--- START ---

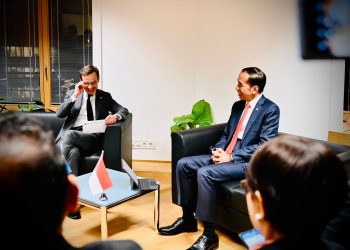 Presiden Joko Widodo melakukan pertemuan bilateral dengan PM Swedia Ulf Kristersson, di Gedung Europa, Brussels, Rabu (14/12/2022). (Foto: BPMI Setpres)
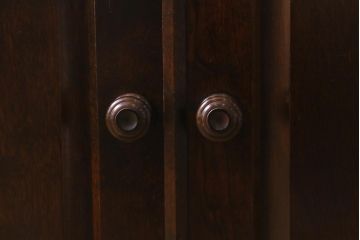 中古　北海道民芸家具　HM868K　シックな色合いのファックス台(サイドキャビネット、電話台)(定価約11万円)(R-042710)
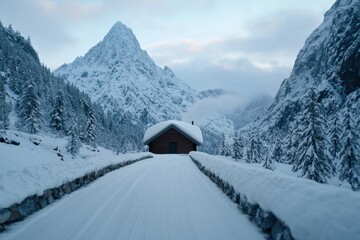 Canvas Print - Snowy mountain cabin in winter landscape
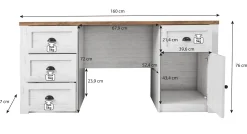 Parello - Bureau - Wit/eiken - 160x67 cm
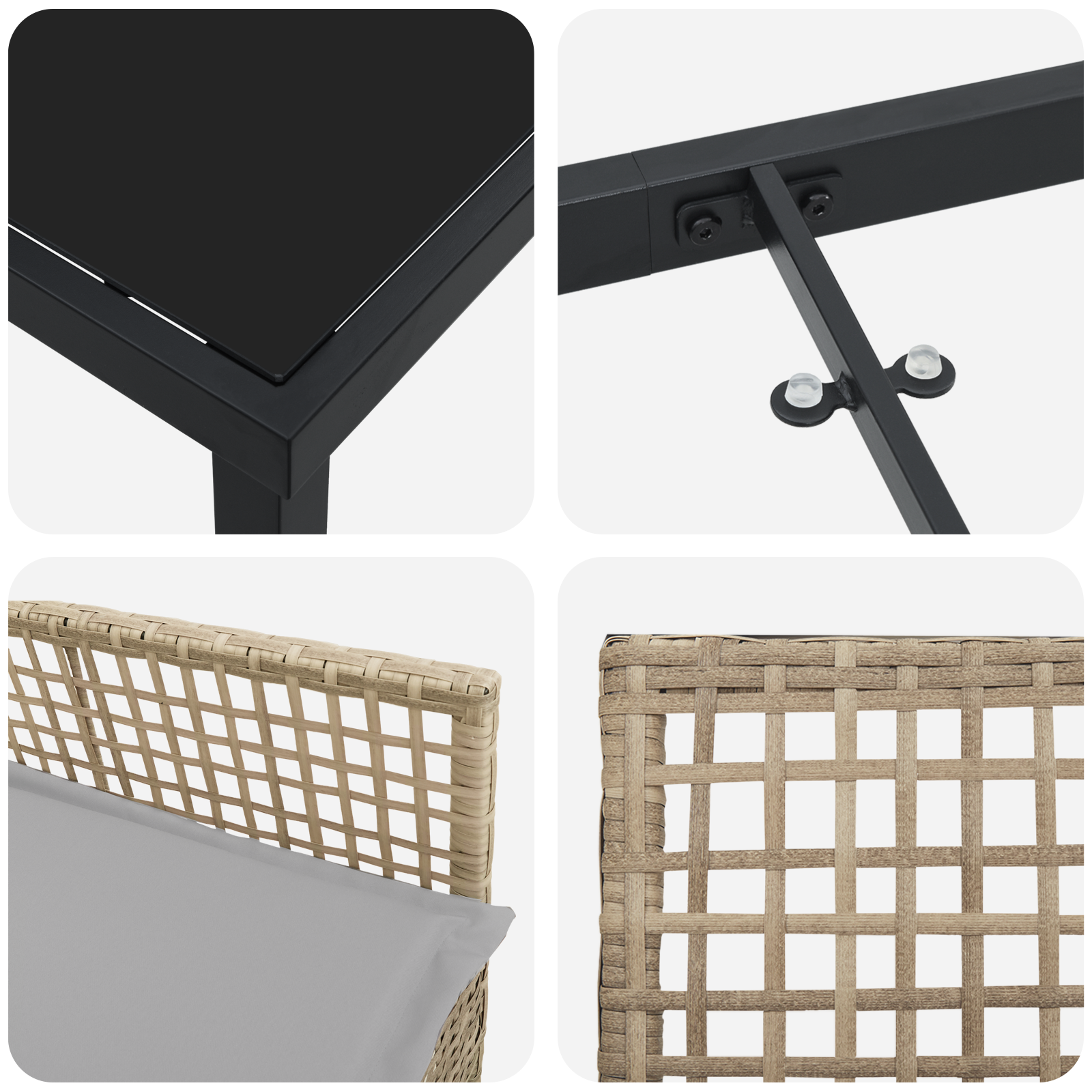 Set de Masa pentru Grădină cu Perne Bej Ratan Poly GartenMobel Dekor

--- END ---

### WHAT TO WORK ON
Could the lines from the first entry through the line that contains "Parello - Bureau - Wit/eiken - 160x67 cm" be copied exactly, with all pictures left out?

### ANSWER SECTION
 Presiden Joko Widodo melakukan pertemuan bilateral dengan PM Swedia Ulf Kristersson, di Gedung Europa, Brussels, Rabu (14/12/2022). (Foto: BPMI Setpres)
 中古　北海道民芸家具　HM868K　シックな色合いのファックス台(サイドキャビネット、電話台)(定価約11万円)(R-042710)
 Canvas Print - Snowy mountain cabin in winter landscape
 Parello - Bureau - Wit/eiken - 160x67 cm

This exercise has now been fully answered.